É mais certo e saudável respeitar o Tempo e o modo das coisas. Não todas, claro, não estou dizendo que não devamos lutar. Mas é compreender até onde a luta é necessária, até onde ela vale a pena.

Tenho dificuldade e necessidade de aprender a desistir. E preciso perceber quando persistir. É um macete importante para seguir vivendo, e não falo apenas de idosas em estado terminal, sejam elas animais da nossa espécie ou de outras. Tem a ver com eventos, momentos, relações, lugares, pessoas, tudo.
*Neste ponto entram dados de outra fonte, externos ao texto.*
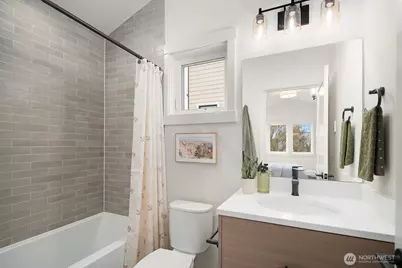 5026 35th Avenue NE, Seattle, WA 98105 - Photo 15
Tudo tem início, fim e meio. Ultrapassar esse pacto sagrado com o Tempo é desrespeitá-lo e é destruir a harmonia do que era para ter sido.

Sempre penso no "felizes-para-sempre". Quando é para sempre, acredito que não seja feliz. A princesa que todo dia faz tudo sempre igual e se sacode às seis horas da manhã e sorri com um sorriso pontual e beija o príncipe com aroma de hortelã. Eu gosto do conflito e da jornada, do drama, do clímax. Coisas resolvidas e com ponto-final estão mortas, e por mais que eu tenha a Morte como sagrada, é por ter respeito a ela que preciso viver. A morte cria a vida, é ela quem determina desde e até quando respiramos.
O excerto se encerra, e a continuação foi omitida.